Scenario conditional paths of the Z-score need to be translated back to the evolution of the TM. This step is required because the actual object of interest is the TM, for conducting the subsequent calculations in terms of resulting stock exposures, expected losses, and the provision stocks and flows. Box 2 summarizes the steps and formulas required for translating the Z-factor forecast back to a TM path, as well as for subsequently implying the exposure stocks in S1, S2, and S3.

The Z-score-based scenario-conditional forecasting of TMs therefore has two purposes. First, it is the step required for implying the stocks of exposures in S1, S2, and S3. Second, it implies the two default probabilities that are part of the TM, that is, the transition probabilities for the moves from S1 to S3 and S2 to S3. These elements will all be needed for the provision stocks and flow calculations later.

^{Box 2.}

From Scenario-Conditional Z-Scores to Transition Matrices and Implied S1–2-3 (Performing and Nonperforming) Exposure Stocks

Figure 2.1 depicts visually how the previous step (Box 1, and first row in Figure 2.1) compares to the translation of a Z-score path back to a transition matrix (this box, second row in Figure 2.1).

To accomplish what is indicated in the second row of this figure, a transition matrix forecast can be obtained from a conditional Z-score forecast in the same way as historical fit is produced at the estimation stage (Box 1). The formula required to that end has the same structure as equation (2) in Box 1 (equation 6 from Belkin et al. 1998):

\begin{matrix} (4) & Δ_{t} (x_{g + 1'}^{G} x_{g}^{G}, Z_{t'} ρ) = Φ (\frac{x_{g + 1}^{G} - \sqrt{ρ} {\overset{⌢}{Z}}_{t}}{\sqrt{1 - ρ}}) - Φ (\frac{x_{g}^{G} - \sqrt{ρ} {\overset{⌢}{Z}}_{t}}{\sqrt{1 - ρ}}) \end{matrix}

The parameter ρ and the bin boundaries are given at this stage (previously estimated, Box 1) and do not change. Only Z is an input that varies conditional on different scenarios, now denoted as ${\hat{Z}}_{t}$ , implying the transition probabilities across the transition matrix and along the scenario horizon.

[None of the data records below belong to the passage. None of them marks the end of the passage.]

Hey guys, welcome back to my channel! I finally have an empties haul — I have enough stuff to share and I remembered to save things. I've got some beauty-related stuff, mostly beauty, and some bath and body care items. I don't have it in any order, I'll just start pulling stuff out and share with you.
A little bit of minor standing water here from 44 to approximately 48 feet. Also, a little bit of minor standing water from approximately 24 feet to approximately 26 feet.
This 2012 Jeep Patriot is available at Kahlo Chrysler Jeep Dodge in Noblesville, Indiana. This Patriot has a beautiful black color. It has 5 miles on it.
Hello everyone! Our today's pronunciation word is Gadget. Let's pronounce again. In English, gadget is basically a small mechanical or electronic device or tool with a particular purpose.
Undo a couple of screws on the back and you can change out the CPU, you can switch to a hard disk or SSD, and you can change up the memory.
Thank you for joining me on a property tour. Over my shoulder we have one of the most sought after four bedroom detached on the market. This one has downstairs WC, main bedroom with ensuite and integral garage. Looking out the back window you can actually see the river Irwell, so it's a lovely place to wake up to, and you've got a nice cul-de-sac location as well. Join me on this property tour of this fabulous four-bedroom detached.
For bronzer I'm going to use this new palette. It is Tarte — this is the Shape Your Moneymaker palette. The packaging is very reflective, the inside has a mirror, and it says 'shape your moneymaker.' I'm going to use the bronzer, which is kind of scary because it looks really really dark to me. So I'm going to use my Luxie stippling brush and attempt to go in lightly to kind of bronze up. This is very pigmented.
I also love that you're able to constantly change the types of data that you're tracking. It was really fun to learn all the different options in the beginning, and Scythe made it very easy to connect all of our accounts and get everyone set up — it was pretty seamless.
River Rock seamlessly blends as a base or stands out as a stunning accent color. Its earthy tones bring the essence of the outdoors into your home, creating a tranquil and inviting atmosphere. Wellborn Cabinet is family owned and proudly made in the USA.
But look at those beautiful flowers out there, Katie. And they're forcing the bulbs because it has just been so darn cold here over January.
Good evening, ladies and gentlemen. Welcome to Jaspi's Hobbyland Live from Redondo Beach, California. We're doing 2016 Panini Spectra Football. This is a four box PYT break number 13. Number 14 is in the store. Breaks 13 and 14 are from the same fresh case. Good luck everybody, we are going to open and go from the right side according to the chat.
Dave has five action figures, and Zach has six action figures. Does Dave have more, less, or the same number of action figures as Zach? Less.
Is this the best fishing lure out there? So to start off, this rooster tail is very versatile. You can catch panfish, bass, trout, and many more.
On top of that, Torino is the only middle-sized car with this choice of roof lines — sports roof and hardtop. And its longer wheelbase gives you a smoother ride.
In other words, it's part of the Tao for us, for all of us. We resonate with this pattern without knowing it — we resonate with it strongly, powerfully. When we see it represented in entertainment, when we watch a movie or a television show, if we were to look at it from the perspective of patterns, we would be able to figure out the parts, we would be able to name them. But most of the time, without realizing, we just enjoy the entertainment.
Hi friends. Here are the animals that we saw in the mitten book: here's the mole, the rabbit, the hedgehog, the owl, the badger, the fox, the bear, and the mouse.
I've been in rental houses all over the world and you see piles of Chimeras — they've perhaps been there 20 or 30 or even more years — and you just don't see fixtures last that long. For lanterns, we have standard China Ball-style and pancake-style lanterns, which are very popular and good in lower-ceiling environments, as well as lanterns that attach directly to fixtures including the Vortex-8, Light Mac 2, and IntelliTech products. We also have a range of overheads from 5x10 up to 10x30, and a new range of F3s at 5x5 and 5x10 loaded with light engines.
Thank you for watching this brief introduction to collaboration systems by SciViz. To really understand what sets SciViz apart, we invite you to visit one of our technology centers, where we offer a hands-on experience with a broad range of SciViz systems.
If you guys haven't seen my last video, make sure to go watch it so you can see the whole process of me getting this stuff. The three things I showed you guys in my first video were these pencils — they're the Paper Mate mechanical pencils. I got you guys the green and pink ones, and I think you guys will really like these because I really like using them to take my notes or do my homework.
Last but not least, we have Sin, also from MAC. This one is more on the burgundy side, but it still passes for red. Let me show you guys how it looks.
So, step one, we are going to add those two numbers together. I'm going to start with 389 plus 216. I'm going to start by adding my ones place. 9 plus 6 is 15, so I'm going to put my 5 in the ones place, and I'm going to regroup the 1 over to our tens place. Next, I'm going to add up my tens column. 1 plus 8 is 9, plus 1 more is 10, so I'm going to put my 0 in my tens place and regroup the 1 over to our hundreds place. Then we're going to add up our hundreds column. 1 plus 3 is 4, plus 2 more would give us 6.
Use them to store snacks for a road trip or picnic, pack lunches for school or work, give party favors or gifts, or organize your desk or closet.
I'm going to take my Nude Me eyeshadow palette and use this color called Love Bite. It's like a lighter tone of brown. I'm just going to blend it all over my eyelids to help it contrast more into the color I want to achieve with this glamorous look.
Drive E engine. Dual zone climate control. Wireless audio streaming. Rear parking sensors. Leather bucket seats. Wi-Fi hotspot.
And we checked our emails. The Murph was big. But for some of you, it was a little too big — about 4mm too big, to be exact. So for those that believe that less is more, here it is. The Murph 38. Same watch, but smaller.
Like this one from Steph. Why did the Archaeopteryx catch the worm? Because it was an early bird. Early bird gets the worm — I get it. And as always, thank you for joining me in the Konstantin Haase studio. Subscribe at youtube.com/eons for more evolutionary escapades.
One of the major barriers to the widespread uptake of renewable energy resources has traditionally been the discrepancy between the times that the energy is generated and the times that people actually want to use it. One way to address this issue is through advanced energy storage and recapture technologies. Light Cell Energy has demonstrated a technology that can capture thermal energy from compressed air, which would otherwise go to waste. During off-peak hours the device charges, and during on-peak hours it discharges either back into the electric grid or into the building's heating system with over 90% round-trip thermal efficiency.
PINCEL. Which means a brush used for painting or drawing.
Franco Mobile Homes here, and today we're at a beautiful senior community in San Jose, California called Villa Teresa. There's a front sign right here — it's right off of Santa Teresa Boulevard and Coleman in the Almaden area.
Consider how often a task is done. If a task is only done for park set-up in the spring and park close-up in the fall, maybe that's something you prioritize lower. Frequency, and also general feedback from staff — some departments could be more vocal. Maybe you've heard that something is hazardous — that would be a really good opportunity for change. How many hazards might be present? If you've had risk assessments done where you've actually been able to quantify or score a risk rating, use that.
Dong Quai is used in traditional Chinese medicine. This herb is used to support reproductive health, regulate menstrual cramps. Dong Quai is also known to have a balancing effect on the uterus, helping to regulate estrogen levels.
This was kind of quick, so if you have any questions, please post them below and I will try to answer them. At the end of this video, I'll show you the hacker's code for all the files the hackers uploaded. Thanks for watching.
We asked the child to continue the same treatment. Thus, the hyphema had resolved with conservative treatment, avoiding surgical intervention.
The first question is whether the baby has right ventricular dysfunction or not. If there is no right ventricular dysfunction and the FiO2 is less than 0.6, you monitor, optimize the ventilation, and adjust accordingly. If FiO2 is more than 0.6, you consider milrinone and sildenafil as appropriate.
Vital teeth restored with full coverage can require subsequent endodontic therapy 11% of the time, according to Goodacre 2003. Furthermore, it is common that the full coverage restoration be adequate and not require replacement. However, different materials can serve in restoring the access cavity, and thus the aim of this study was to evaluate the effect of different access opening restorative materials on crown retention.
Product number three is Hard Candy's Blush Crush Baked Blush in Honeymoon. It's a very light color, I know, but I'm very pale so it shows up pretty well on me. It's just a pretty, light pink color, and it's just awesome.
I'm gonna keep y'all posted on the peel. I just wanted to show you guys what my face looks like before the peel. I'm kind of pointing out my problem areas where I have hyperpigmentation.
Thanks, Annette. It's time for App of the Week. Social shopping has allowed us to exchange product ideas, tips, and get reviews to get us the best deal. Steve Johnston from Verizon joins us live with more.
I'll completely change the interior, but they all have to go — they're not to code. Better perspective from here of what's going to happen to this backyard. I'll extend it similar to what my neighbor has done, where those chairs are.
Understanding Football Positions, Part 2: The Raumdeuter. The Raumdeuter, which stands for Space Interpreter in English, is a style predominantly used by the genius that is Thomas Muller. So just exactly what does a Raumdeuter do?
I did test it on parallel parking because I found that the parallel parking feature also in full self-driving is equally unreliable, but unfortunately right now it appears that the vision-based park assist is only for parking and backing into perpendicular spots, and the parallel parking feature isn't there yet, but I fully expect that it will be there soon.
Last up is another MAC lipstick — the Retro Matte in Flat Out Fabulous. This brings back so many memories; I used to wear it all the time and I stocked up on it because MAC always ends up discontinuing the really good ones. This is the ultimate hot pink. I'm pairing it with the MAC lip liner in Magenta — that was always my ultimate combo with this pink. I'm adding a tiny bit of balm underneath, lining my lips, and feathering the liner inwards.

Once the TM paths are obtained, the 3x3 matrix should be augmented by the scenario-conditional maturing percentages for S1 and S2 exposures as well as the write-off rate assumptions for S3. After adding these percentages in a fourth and fifth column to the matrix (Figure 7, right), each row should be normalized to sum to one again. A formula that can be considered for doing so is:

\begin{matrix} (5) & T R_{i j}^{*} = \frac{T R_{i j}}{Σ_{j = 1}^{3} T R_{i j}} \times (1 - M_{i} - W R O_{i}) \end{matrix}

∀i 1,2,3, where only write-offs for initial S3 stocks would be positive.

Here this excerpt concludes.